WHAT IS BEING ASKED: Reproduce, unchanged, the lines between the one holding "14393 Wilson Drive, Eden" and the last line of the records, including both ends, but no pictures.

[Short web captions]
[Start of Attachment]
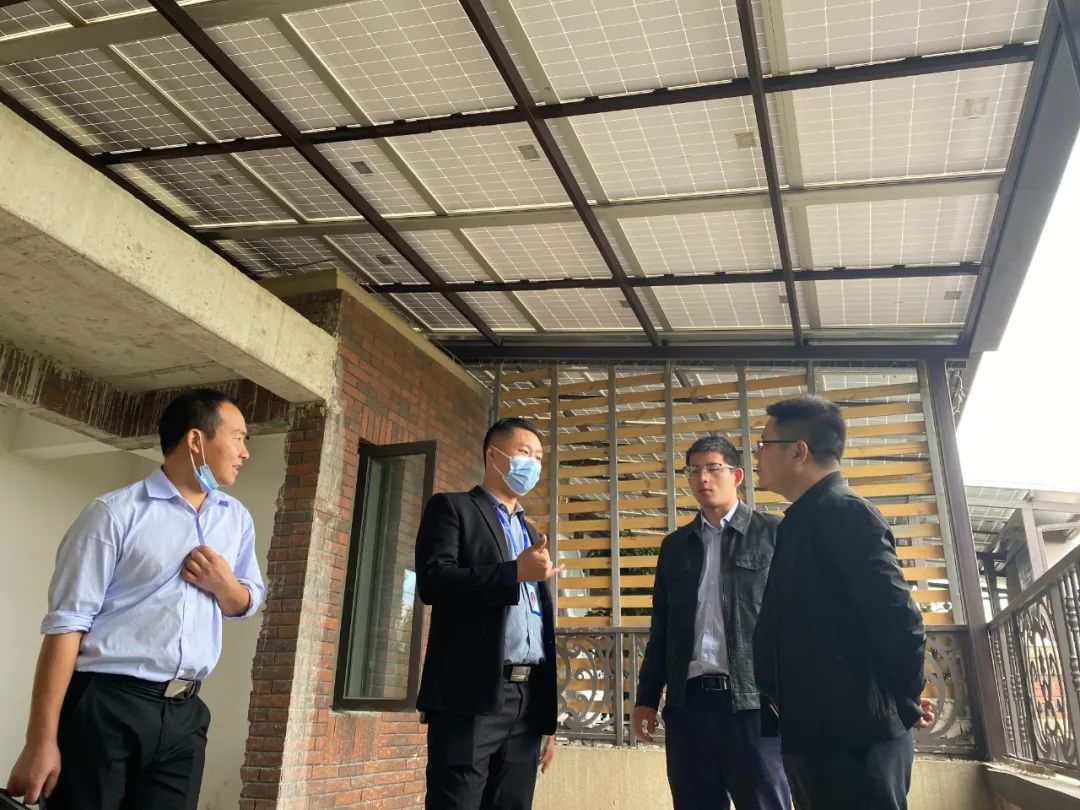 光伏電站_家用太陽能光伏發電_光伏發電代理加盟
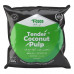 T-Coco Tender Coconut Pulp 500gm -- تي كوكو لب جوز الهند 500 جم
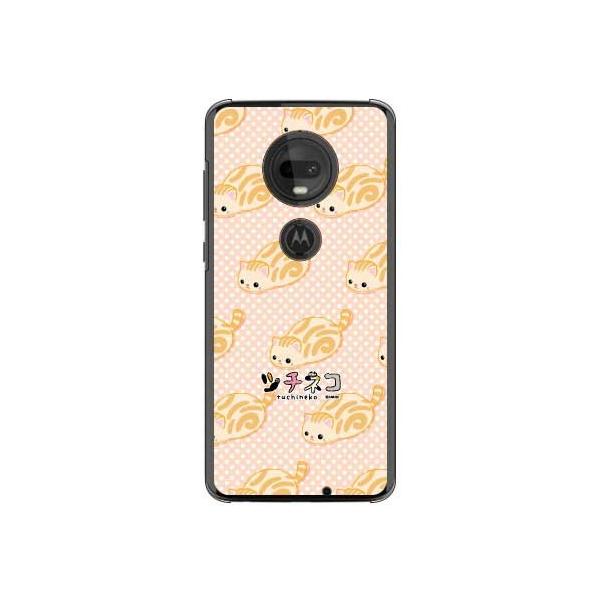 moto g7 �P�[�X XT1962 �c�`�l�R ���A���V���[ �X�}�z�P�[�X (�󒍐��Y)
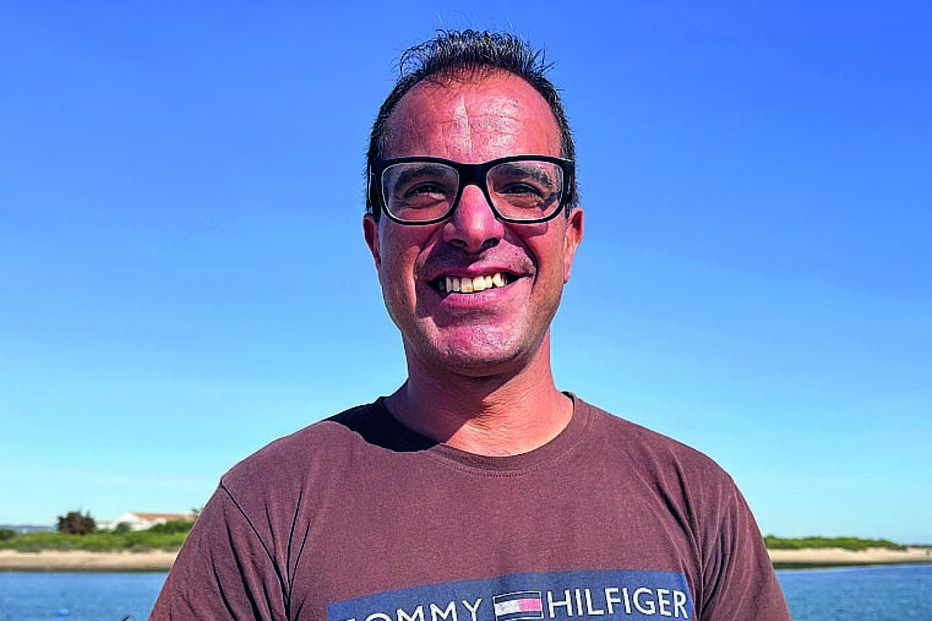 2024-03-18_13_38_25 Fábio Conceição.jpg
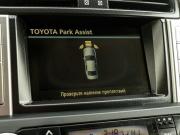 Toyota Land Cruiser Prado 150 Series Екатеринбург  - изображение 61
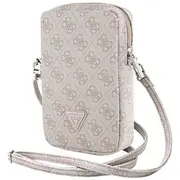 Guess Guwbzp4Gftsp Telefonu Soma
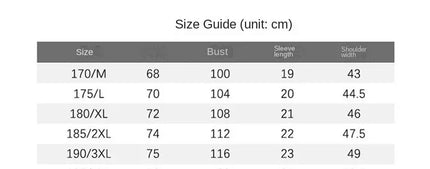 New Men's Long-sleeved Cotton Polo Shirt Fashion Embroidery Casual Bottom Pullover Shirts Tops Men's Clothing
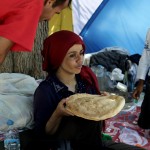 Τέσσερις Αφγανές δολοφονήθηκαν, η μία ήταν ακτιβίστρια για τα δικαιώματα των γυναικών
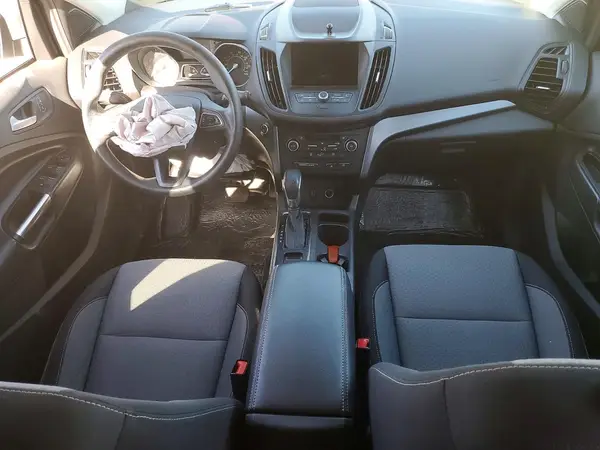 1FMCU0GD4KUA39949 2019 FORD ESCAPE - Image 8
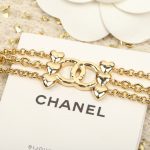 Chanel - Necklaces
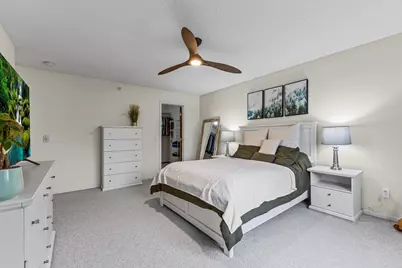 14393 Wilson Drive, Eden Prairie, MN 55347 - Photo 21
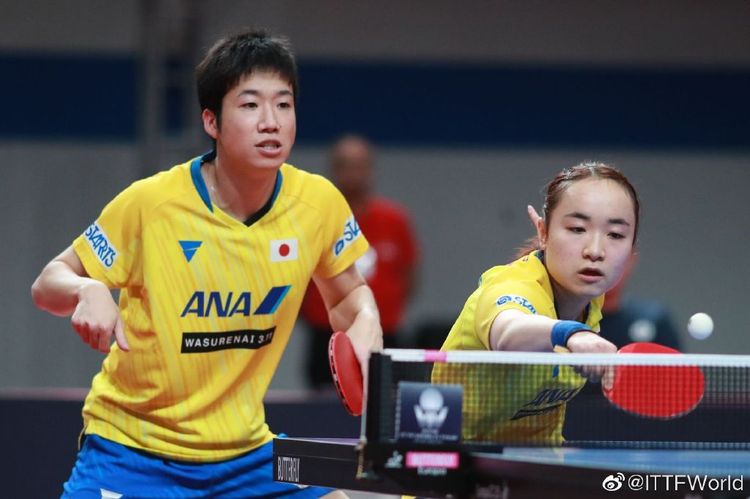 有效避免了 有效避免了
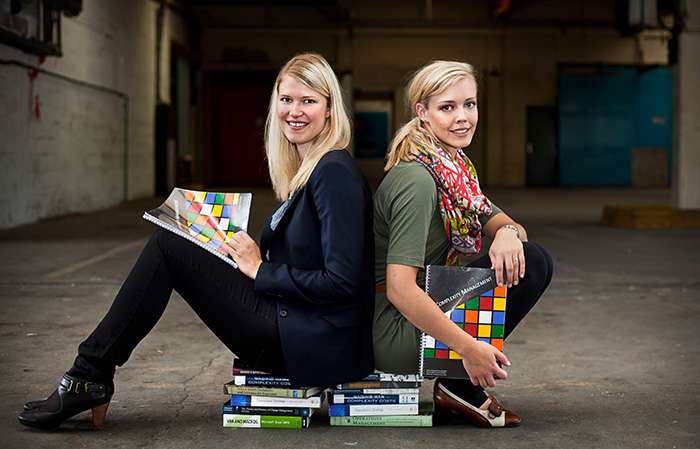 FOTO: LISBETH HJORSLEV TOUSTRUP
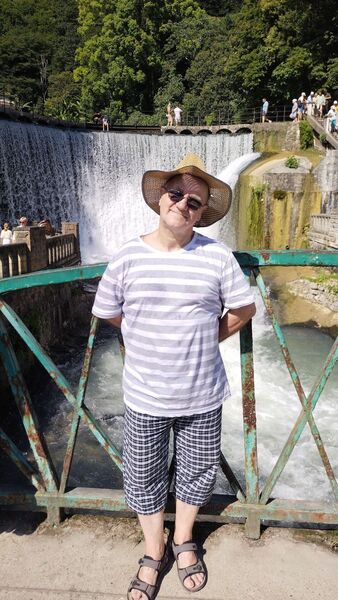 ,   , 67 ,   ,   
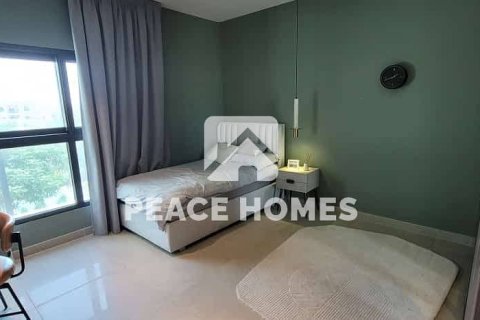 Villa de 5 dormitorios en Al Rahmaniya, UAE No. 10920 17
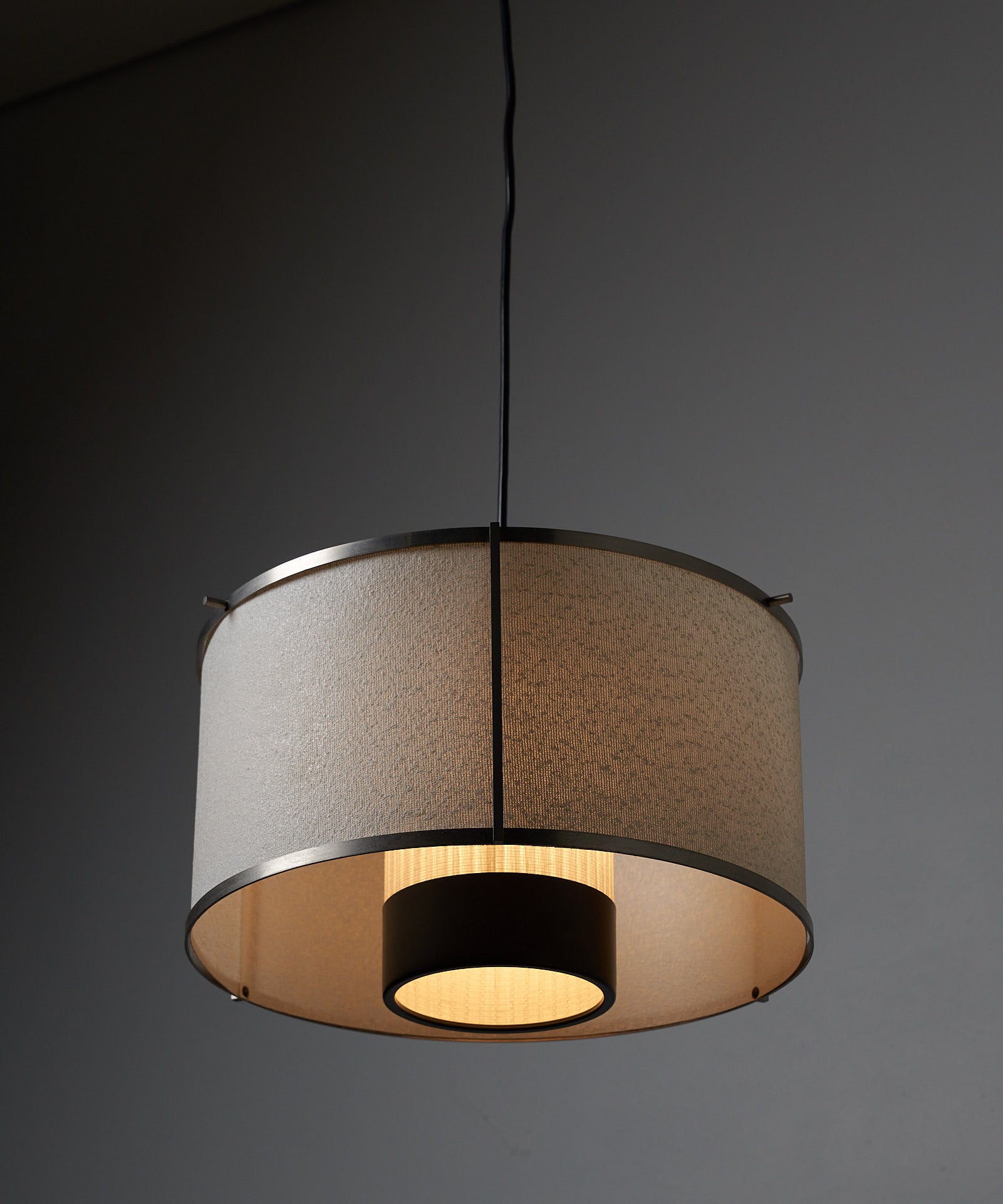 Natural_Double_Cylinder_Pendant_Artiforte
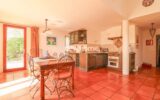 Maison à vendre à Seillans — Vue parc & jardin — photo 11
[End of Attachment]
COMPLETED EXERCISE:
 14393 Wilson Drive, Eden Prairie, MN 55347 - Photo 21
 有效避免了 有效避免了
 FOTO: LISBETH HJORSLEV TOUSTRUP
 ,   , 67 ,   ,   
 Villa de 5 dormitorios en Al Rahmaniya, UAE No. 10920 17
 Natural_Double_Cylinder_Pendant_Artiforte
 Maison à vendre à Seillans — Vue parc & jardin — photo 11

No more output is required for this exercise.